LA UE IN DIFESA DEL MARE MEDITERRANEO DALLA PESCA
Passaggi fondamentali del documento sono quelli relativi alla necessità di ridurre drasticamente la pesca professionale che utilizza attrezzature tecnologiche avanzate, causa dei maggiori impatti ambientali, e la necessità di convertire il settore verso una ripresa della piccola pesca artigianale, che invece andrà tutelata anche come valore culturale, verso una futura conversione a servizi per il settore turistico.
Importanti i passaggi in cui si evidenzia la necessità di approfondire le conoscenze nel settore della pesca ricreativa di cui mancano i dati utili a svolgerne una corretta gestione e regolamentazione.

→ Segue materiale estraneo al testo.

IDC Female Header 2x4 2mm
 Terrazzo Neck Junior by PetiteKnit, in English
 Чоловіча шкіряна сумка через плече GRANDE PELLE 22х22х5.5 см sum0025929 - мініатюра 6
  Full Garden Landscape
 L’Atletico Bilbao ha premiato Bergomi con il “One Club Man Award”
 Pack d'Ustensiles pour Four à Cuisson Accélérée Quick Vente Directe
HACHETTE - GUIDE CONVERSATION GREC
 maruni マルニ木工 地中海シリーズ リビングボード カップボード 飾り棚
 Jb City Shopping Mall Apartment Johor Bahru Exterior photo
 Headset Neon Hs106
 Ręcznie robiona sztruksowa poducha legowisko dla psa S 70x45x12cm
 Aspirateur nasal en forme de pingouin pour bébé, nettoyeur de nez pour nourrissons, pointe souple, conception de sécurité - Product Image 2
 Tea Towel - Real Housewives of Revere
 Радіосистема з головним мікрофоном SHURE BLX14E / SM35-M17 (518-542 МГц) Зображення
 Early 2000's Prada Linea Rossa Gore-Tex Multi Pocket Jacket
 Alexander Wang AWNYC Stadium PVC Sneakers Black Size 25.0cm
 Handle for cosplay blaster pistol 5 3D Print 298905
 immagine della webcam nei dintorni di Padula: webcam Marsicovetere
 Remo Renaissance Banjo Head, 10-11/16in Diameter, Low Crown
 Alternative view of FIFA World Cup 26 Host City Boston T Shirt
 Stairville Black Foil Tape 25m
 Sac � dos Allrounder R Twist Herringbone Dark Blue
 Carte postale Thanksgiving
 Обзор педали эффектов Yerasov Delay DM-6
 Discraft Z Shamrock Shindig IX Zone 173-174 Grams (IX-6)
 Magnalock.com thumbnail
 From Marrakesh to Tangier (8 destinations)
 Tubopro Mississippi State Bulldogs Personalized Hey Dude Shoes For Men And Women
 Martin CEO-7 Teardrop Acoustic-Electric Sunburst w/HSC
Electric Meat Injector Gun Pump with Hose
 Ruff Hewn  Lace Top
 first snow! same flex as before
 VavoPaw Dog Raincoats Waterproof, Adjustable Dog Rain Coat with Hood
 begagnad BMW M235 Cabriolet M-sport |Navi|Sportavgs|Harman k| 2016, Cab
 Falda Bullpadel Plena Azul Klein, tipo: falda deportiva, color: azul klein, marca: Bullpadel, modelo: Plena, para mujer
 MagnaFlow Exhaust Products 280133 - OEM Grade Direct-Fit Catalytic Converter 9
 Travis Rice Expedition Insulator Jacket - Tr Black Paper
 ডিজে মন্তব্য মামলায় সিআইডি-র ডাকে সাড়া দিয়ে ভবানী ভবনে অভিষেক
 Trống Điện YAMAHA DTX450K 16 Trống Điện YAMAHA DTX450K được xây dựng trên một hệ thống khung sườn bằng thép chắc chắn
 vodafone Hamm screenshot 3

Regole in cui il documento specifica chiaramente che andrebbe posto il divieto di utilizzare le reti da imbrocco, ciò anche considerando la rilevanza economica che può costituire per alcune comunità costiere l’attività sportiva.
Ma il documento, soprattutto, conferma che il sistema delle Aree Marine Protette è ancora sottodimensionato, economicamente poco considerato, geograficamente mal distribuito e gestito con difficoltà in molti luoghi.
A tal proposito si richiama la necessità di ampliare il numero di Aree Marine Protette in Mediterraneo per arrivare al 10% di mare protetto entro il 2020, come richiesto anche a livello planetario dall’IUCN, e di rendere la distribuzione delle stesse più uniforme, sia lungo le coste che in mare aperto, dove si cita espressamente la necessità di provvedimenti attenti di protezione per la “Fossa di Pomo“, la depressione del fondale del Mar Adriatico antistante l’Abruzzo.
Una risoluzione equilibrata e utile per fare il punto sull’impatto che la pesca crea sugli ecosistemi marini in Mediterraneo e di importante indirizzo per lo sviluppo delle normetive della pesca fuori dalle Aree marine Protette.